In opening discussion on next year’s School Committee guidelines, budget subcommittee co-chairman Mervan Osborne referred to the teachers’ testimony as verifying what he had heard from parents and wondered if there “is a way to be responsive to these priorities?” He charged the committee to “please give the superintendent the clearest possible message” through the guidelines and hoped the language could be more explicit in focusing on family engagement and social and emotional supports for students and teachers, as well as providing adequate staffing levels, including more counselors, and addressing the achievement gap.

Social, emotional supports

“I have sat in this room … for a very long time and what I’m struck by is what I think is a growing sense that the professional staff – and I mean the teachers in front of the kids – are asking us for help,” said Mayor David Maher in some of the strongest comments he has made in this committee. About their concerns about social and emotional behavioral support, he said, “I don’t remember it like it is right now.”

“We have to figure out a better way. If we don’t, we are headed down a very rocky road,” Maher said.
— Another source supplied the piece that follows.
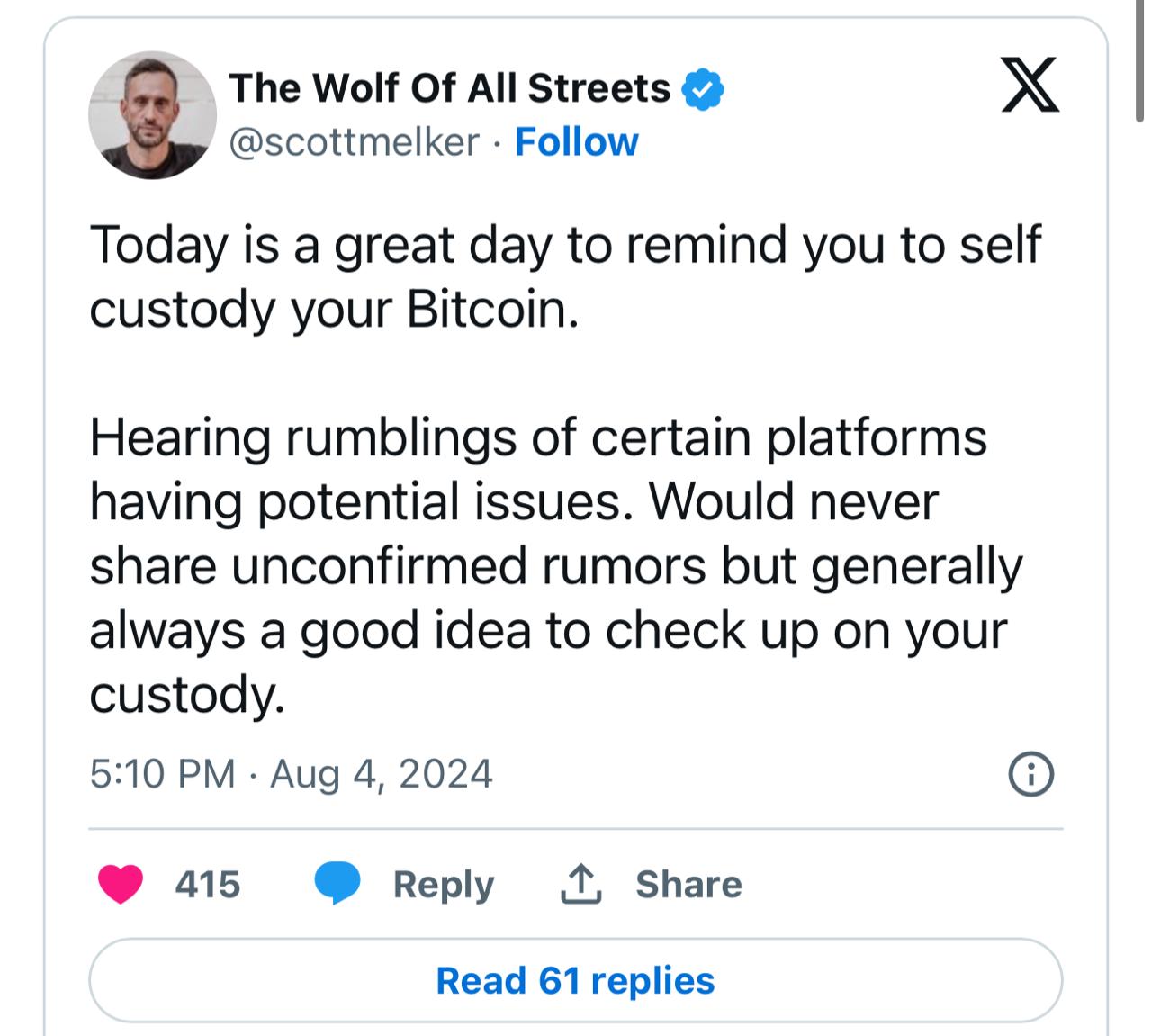 Crypto Self Custody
“I know we are focusing on teaching and learning and I know we are focused on building a better curriculum,” he said. “But sometimes it’s just getting down into the trenches and saying, ‘How can we help?’” He continued:

I walk into a school now and I see a principal on a walkie-talkie. I don’t get a good feeling about it. I feel like we have set these folks up – I feel like we are employing managers of buildings. I think the education leadership in the buildings is being lost.”

Pointing to pressures of standardized testing and other stresses, he said nobody was to blame, but that “we just haven’t figured it out yet.”

Members and some staff nodded in agreement. Patty Nolan and Fred Fantini joined Osborne in discussing how their concerns might be reflected in the guidelines. Nolan suggested stressing that measures of outcomes be “not just the test-based results that are killing our teachers and the students, but have something related to the joy of learning” and working toward creating a mindset among students that they can grow academically.

Member Kathleen Kelly wanted the guidelines to show “a real understanding of how important the social/emotional learning piece is to achievement.” Emphasis on excellent instruction and getting the curriculum “just right for every grade” is not sufficient, she said. “It seems to me that we have really lost the human face and the importance of the human connection within school communities and within classrooms. I think the teachers actually are speaking to that.”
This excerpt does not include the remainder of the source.